We’ve all probably heard it before as children from our parents: “Close the door son. You’re letting all the cold air out”!
So, this is basically nonsense right? The real investment is getting items from room temp to cold. Which takes hours. Opening the door for 2 or 3 minutes tops, does nearly nothing.
I guess the question is: How much energy is junior wasting when he leaves to door open for 3 minutes while he contemplates what to eat?
Are there any other cons to leaving the door open?
A lot depends on how much and what kind of stuff is in there. Say the refrigerator was packed with jugs of water. They’ll retain a lot of the ‘coldness’ versus a few condiment bottles. Or versus the fridge packed with something light but bulky like, I dunno, cereal.
The OP’s point is that the air doesn’t count for much.
Say you have a 500 liter fridge. Air has a density of 1.29 g/l, and a heat capacity of about 0.7 J/g-K. So the overall heat capacity is about 450 J/K, or 9000 J if it’s 20 C below ambient.
That’s not much. A fridge can probably pump heat at around a kilowatt, so that’s 9 extra seconds of operation. Or, it’s like putting 100 grams of room-temperature water in the fridge.

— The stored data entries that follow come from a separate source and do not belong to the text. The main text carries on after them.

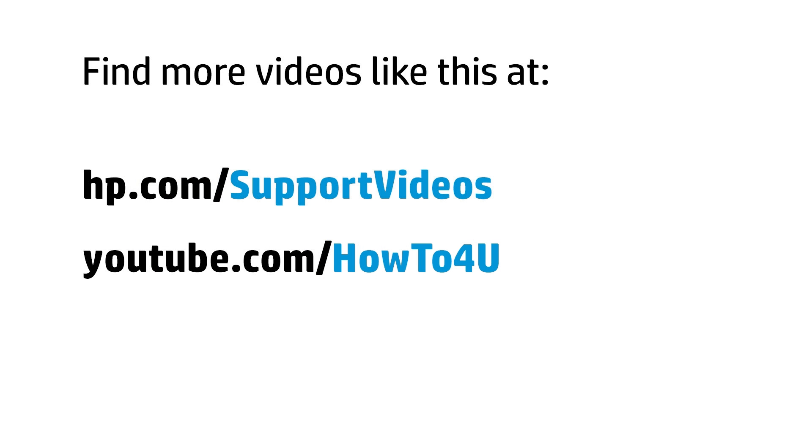You can find additional helpful videos at hp.com/support/videos and on our YouTube channel, youtube.com/howto4u.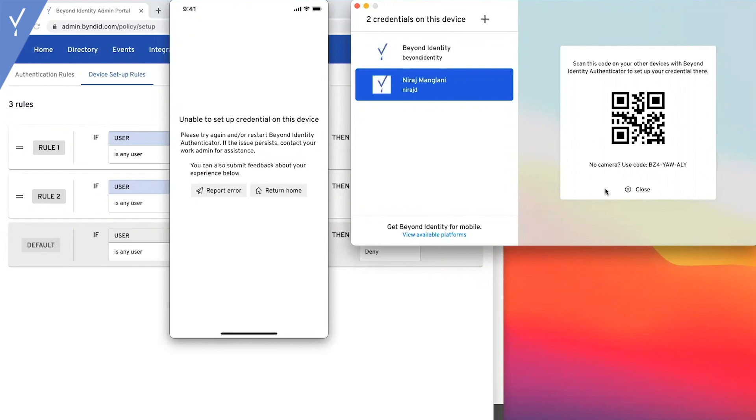This was a quick overview of a few types of risk access policies you can configure in Beyond Identity.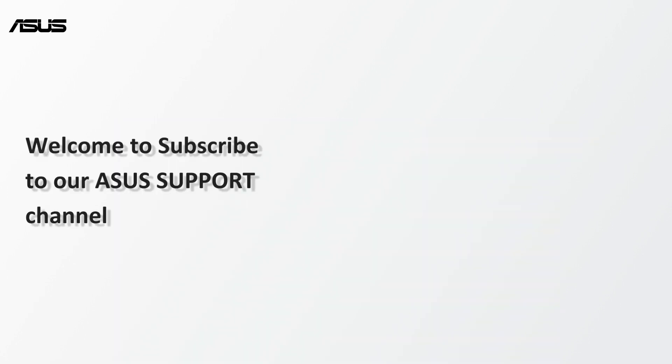Please subscribe our ASUS support YouTube channel. We are keen to provide you with more useful information.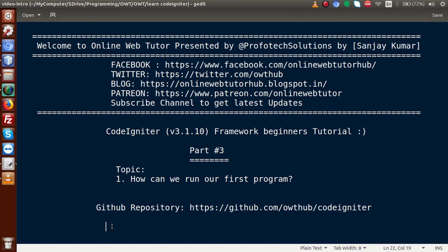Hello guys, welcome to Online Web Tutorial presented by Prophetic Solutions team. I am Sanjay. We are learning the CodeIgniter framework beginner tutorial and this is Part 3. Inside this video session we will see how we can create our first program in CodeIgniter in a proper way. If you are a beginner to the channel, please don't forget to subscribe and keep watching our previous video sessions to get a clear concept.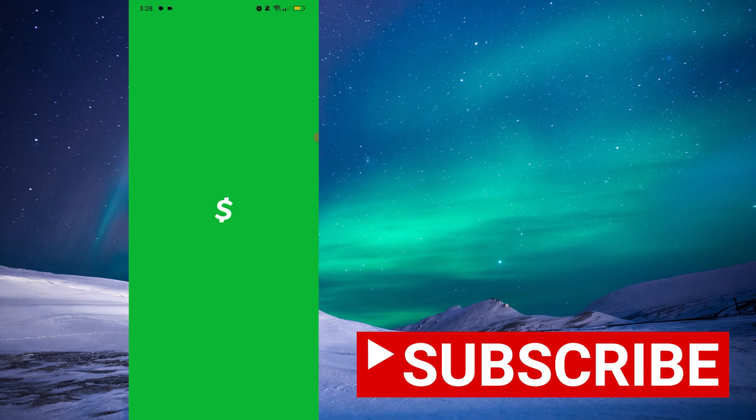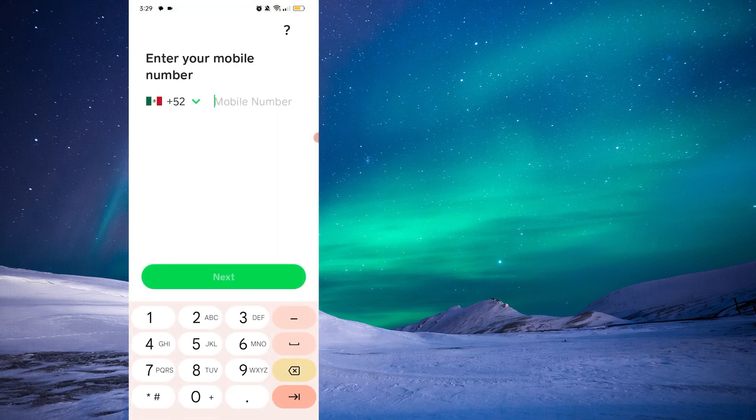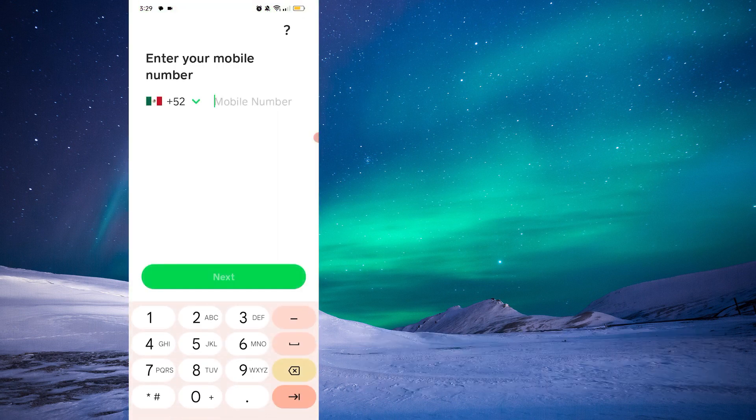And perfect, just like that your Cash App account has been closed. If this video was helpful, please consider leaving a like and subscribing.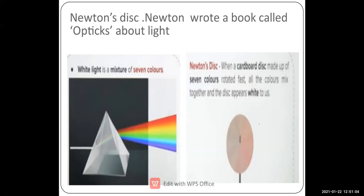Newton also wrote a book about his research and experiments on light, known as 'Optics,' which was entirely related to light. This concludes the lesson.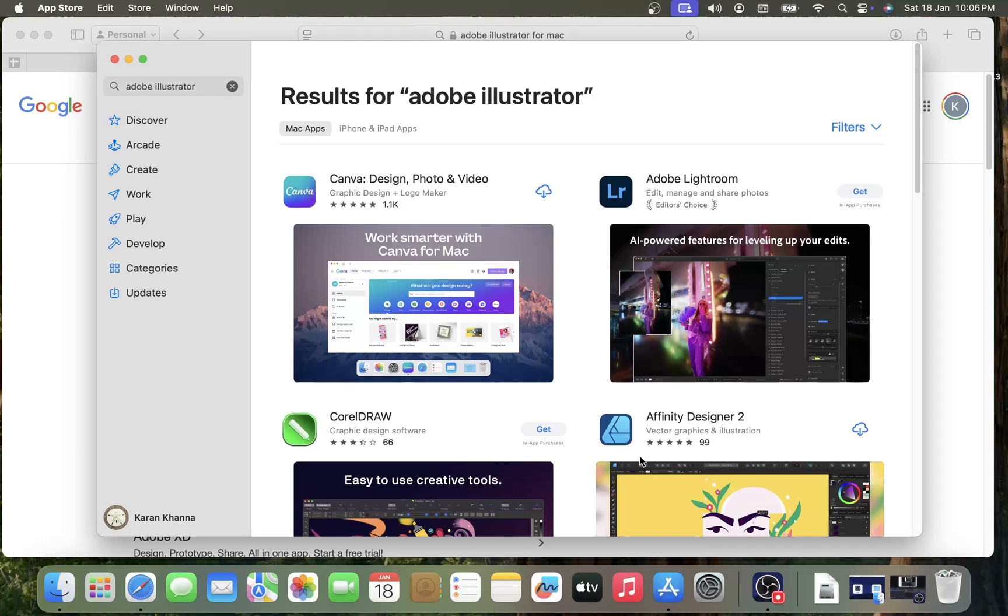Hey friends, if you wish to download and install Adobe Illustrator on your Mac computer, then please watch this video. I will guide you through the procedure. So it's not very difficult, but the problem is that you won't find it on the App Store.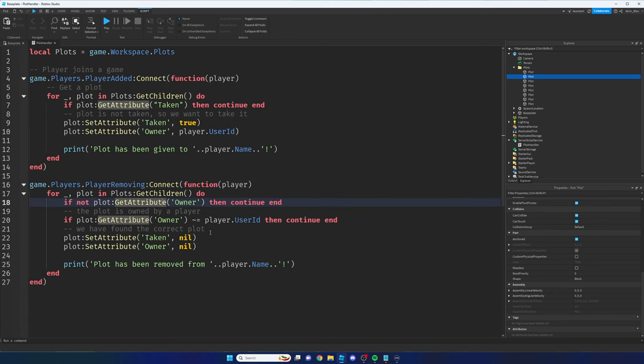This time it's only printed once. If we go to the Explorer and look in the Plots folder, the first plot has been given to us — the owner has my user ID, 14943069, and the taken value is true. The other plots don't have those attributes. We've now been given a specific plot, which is great. The next thing we'll need to do is set up buttons and things to buy, so you can watch that by clicking the thumbnail on screen now. Thanks for watching.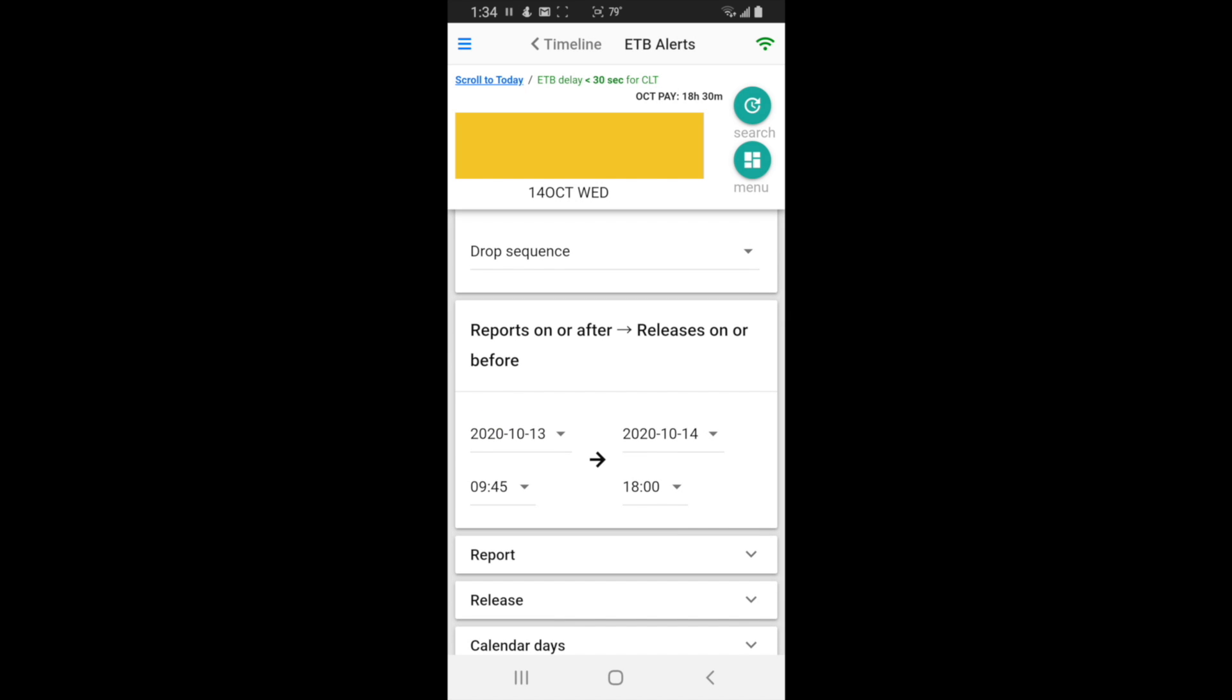So what this reports on and releases before, that's the thing that most people get screwed up. They just set their report time like between those two periods of time. But that's not what you're actually looking for. You're looking for two points of time that your entire trip has to be bounded inside from report to release. So it's going to look for all the trips that report after 945 on the 13th and release before 1800 on the 14th.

2> Volume of a beer can = 12 oz or 355 ml or 0.0004 m3
3> For estimation purposes, lets assume the fridge is filled with beer cans. With packing efficiency and space - lets assume that 70% of the fridge volume is filled with beer cans. That gives : 0.6 x 0.7 / 0.0004 ~ 1000 cans of beer
4> The surface area of a 12 oz beer can is 67 in2 What Is the Surface Are of a Soda Can? So 1000 beer cans will have a surface area of 67 x 1000 = 67,000 in2 = 43 m2 (Not all surface area will be exposed but for our case - lets assume it is )
5> Lets assume the beer is cooled inside the fridge to 50 F (10 C) and the room temperature is 75 F (24 C)
We always got crap for opening and closing the door repeatedly. Example: you need to grab seven or eight things to fix your lunch. Scenario A: you open the door and keep it open while you dig out your ingredients and set them on the counter/table. This invariably got us What the hell are you doing leaving the door open? Scenario B: you open the door, take out two items and close the door, putting the items on the counter/table. Repeat until all items are fetched. This invariably got us What the hell are you doing opening the door so many times? Scenario C: the police find Dad stuffed in the basement freezer several weeks later.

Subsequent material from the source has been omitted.